On arrival he found everything broken. ‘It was pandemonium at first,’ he admits, and then there was the hotel dinner experience. ‘I went to this tiny little hotel. The menu had at least 12-15 items on it, but every time I asked for something, they hadn’t got it.’ At a loss, and being the only person in the dining room, he finally asked what they did have. ‘A chicken’ was the reply. A chicken was quite literally what they had – and only after they’d bought one off the neighbour and slaughtered it.

Bertie had to learn fast about life in east Africa, and get used to the unexpected. On one occasion he was based in a small town called Mbinga where, as an operations manager, he worked with around 40 remote washing stations. ‘You’d get to them by really winding roads, or no roads at all. They’d start harvesting late at night and it would take a long time to get back to the station to process it. Often if something broke at a factory, I’d get a panicky call and then I’d be bombing off in a bus in a middle of the night to try and sort broken machines.’

On his own in a strange country, miles away from home, he admits, ‘there were times when I’d feel a bit down trodden. But every day I’d wake up and see something spectacular – like the view. There’s no power for miles around, so you wake up with the sun at dawn, go get your cup of chai and pancakes and you’re up and running.’

‘I’d then meet the team before we set off for the bank in a Land Rover with a load of coffee sacks – because everything’s done in cash.’ Sacks? ‘You need them because you have to withdraw lots of cash – one dollar is around 2,000 shillings – so you’d fill sacks and sacks of money. The landrover would be full, and you’d come back with an armed guard by your side. I felt like a gangster!’

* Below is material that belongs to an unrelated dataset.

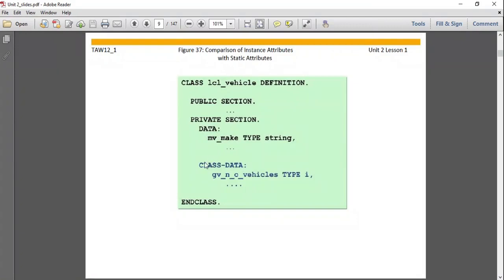If object two changes the value of a static variable, that change is reflected to all other objects sharing that static attribute.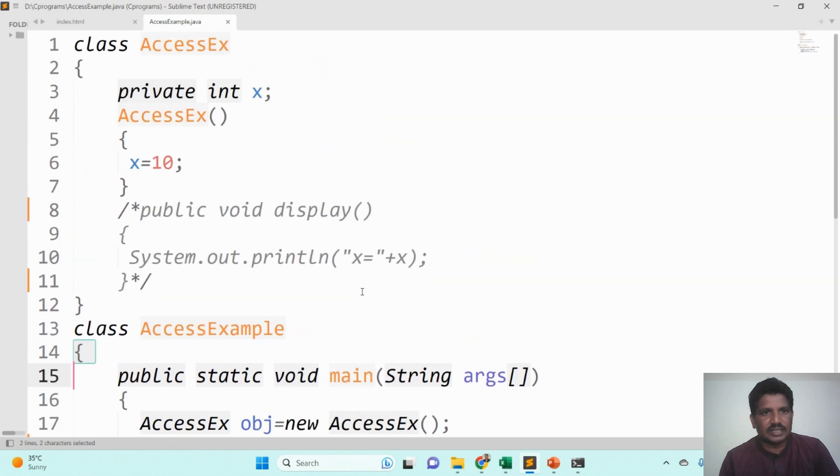If you have any doubt regarding these Access Modifiers, please ask me at any time through the comment box.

But he still felt safe. ‘Crime is more opportunistic there, not malicious,’ he says. ‘People are so happy with so little, but their prerogatives are so different. Community stands for everything and hospitality is important. ‘So, you’d be invited by your farmers to sit and eat with them – I was even offered a daughter in marriage once!’

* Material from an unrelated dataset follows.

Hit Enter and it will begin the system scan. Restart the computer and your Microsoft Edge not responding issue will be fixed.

Bertie is back in the UK and now working for Schluter bean importers says, ‘What I did was amazing, but not all that easy. It’s so totally different. But I’ve had time to reflect and all the stuff that used to annoy me – the informality, nothing working, the laid back thing, is what I miss – that approach to life. It’s proper living, and it’s so life affirming. And you always see the funniest things,’ he adds, laughing, ‘like a guy going past on a motorbike the wheel hanging off, with six pigs on the back of it!’